Piace – e giova – ricordare queste ormai vecchie parole dell’uomo che otto mesi fa, maturati i tempi, ebbe il fermo e meditato coraggio di denunciare un Trattato che l’Austria aveva ripetutamente, e con pertinace malevolenza anti-italiana, stracciato; perché è cosi provato, una volta di più e con la serena autorità dei documenti, che con perfetta lealtà – e a costo di quanti sacrifici di amor patrio! – l’Italia aveva tenuto fede al suo patto d’alleanza finché aveva potuto sperare che esso costituisse ancora quella «sicura garanzia di pace» che ne era la prima e fondamentale ragione; e che quel patto era stato denunciato soltanto allora che, caduta irrevocabilmente questa speranza, il mantener fede a quel patto sarebbe stata per l’Italia – a cui si negava ogni legittima soddisfazione, ed ogni garanzia di non meditare spogliazioni a danno di popoli liberi – non tanto un’ingenuità puerile, quanto una confessione di complicità, incompatibile col nostro spirito politico.
E prosegue l’autore largamente illustrando la lunga premeditazione dell’aggressione austriaca contro la Serbia, e finalmente la non discutibile né attenuabile «colpa» della Germania che, opponendosi ad ogni proposta – anche semplicemente sospensiva – della Diplomazia inglese, francese, russa ed italiana, volle precipitare l’Europa nello spaventoso conflitto.
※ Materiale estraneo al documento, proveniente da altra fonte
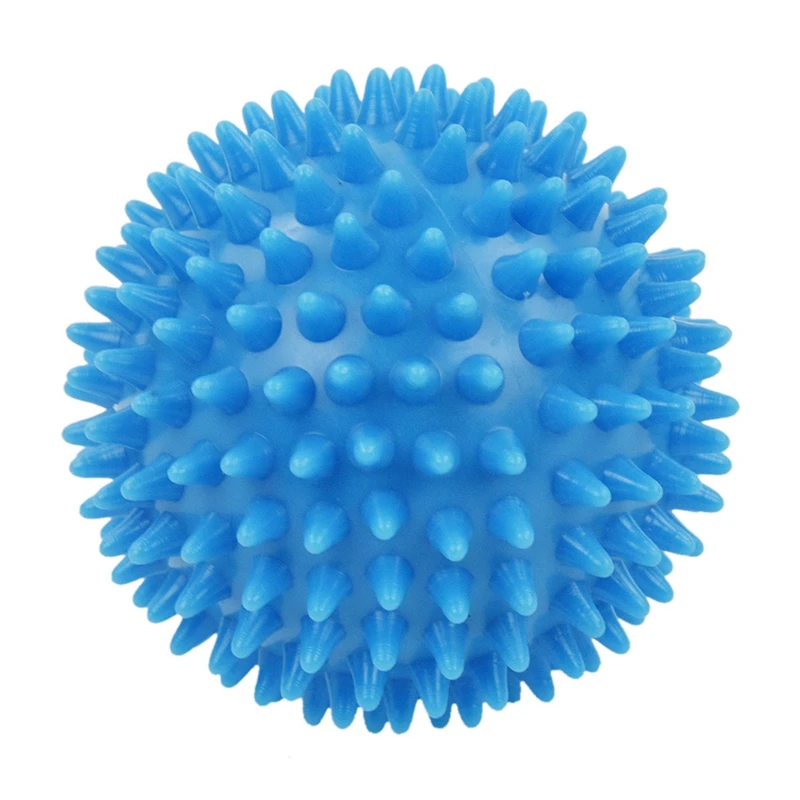 3X Spiky Massage Ball, Hard Stress Ball 7.5Cm For Fitness Sport Exercise (Sky Blue)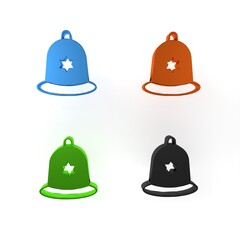 Colorful British police helmet icon isolated on white background. Minimalism concept. 3D render illustration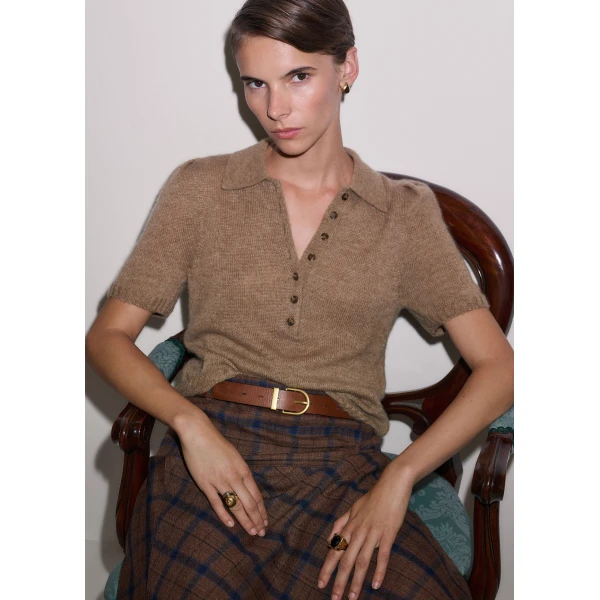 ME+EM Pouf Sleeve Knit Tee in Camel, view 2 | Sweaters | Luxury Shoes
E la dimostrazione dell’assoluta impossibilità «morale e politica» in cui si trovò l’Italia di continuare a mantener la neutralità, acquista nelle eloquenti pagine di Antonio Fradeletto un’evidenza così lurida, che nessun uomo di buona fede potrà mai infirmare o negare.
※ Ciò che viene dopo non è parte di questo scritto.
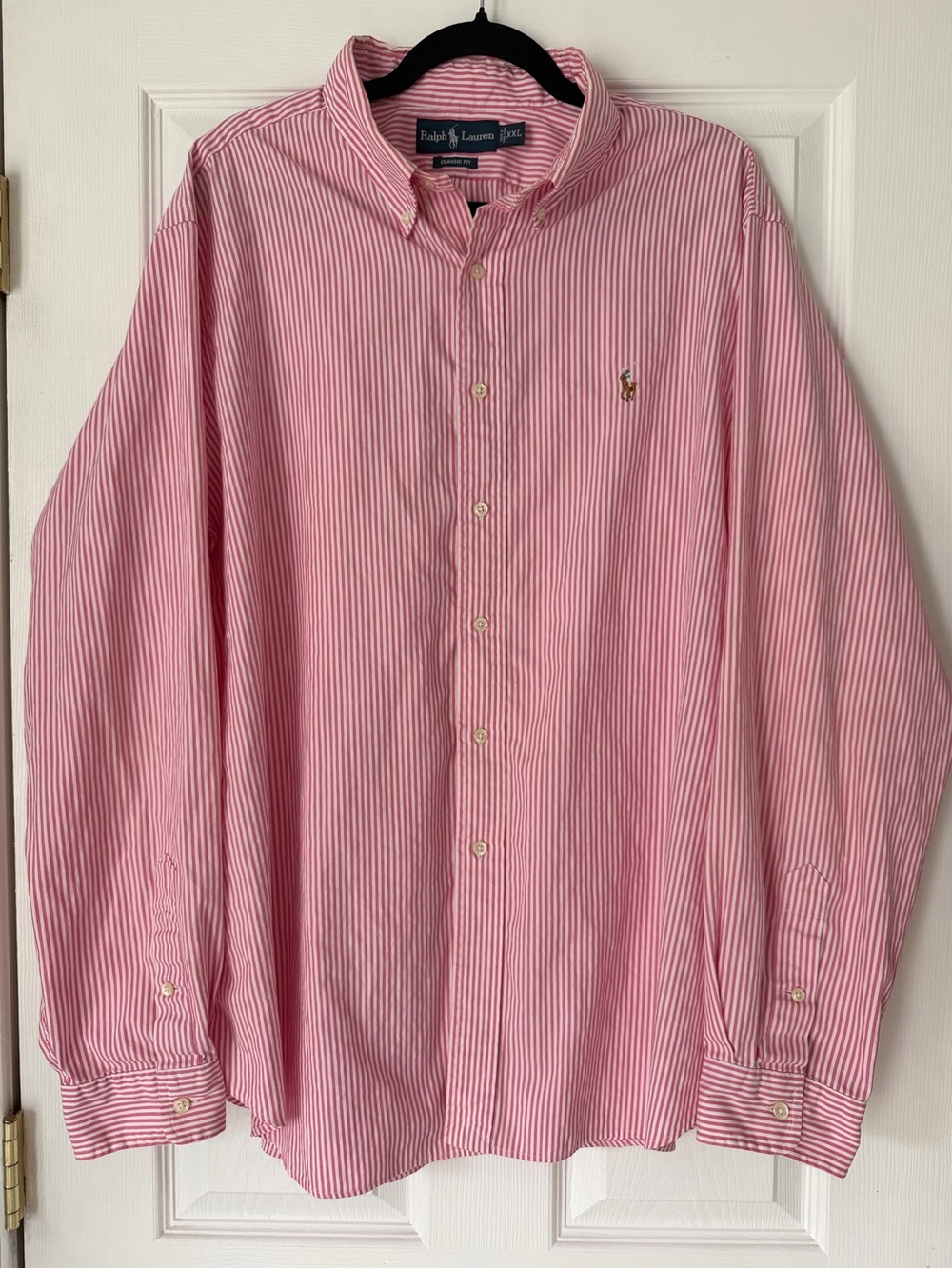 Men’s Ralph Lauren Pink & White Striped Button-Down Shirt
Leggano gli italiani queste belle pagine: ne avranno conforto e gioia. Perciò nessuno in Italia – all’infuori di pochi esaltati che divengono talora inconsapevoli strumenti di fosche manovre affaristiche – nessuno in Italia ha voluto «la guerra per la guerra»: ma tutti hanno voluto, e vogliono, «questa guerra» – qualunque sia il sacrificio che essa costi, – giacché, torpidamente perseverando in una flaccida inerzia neutralistica, l’Italia avrebbe abdicato alla sua stessa «ragion di vivere», e si sarebbe scavata, con le sue proprie mani, la fossa.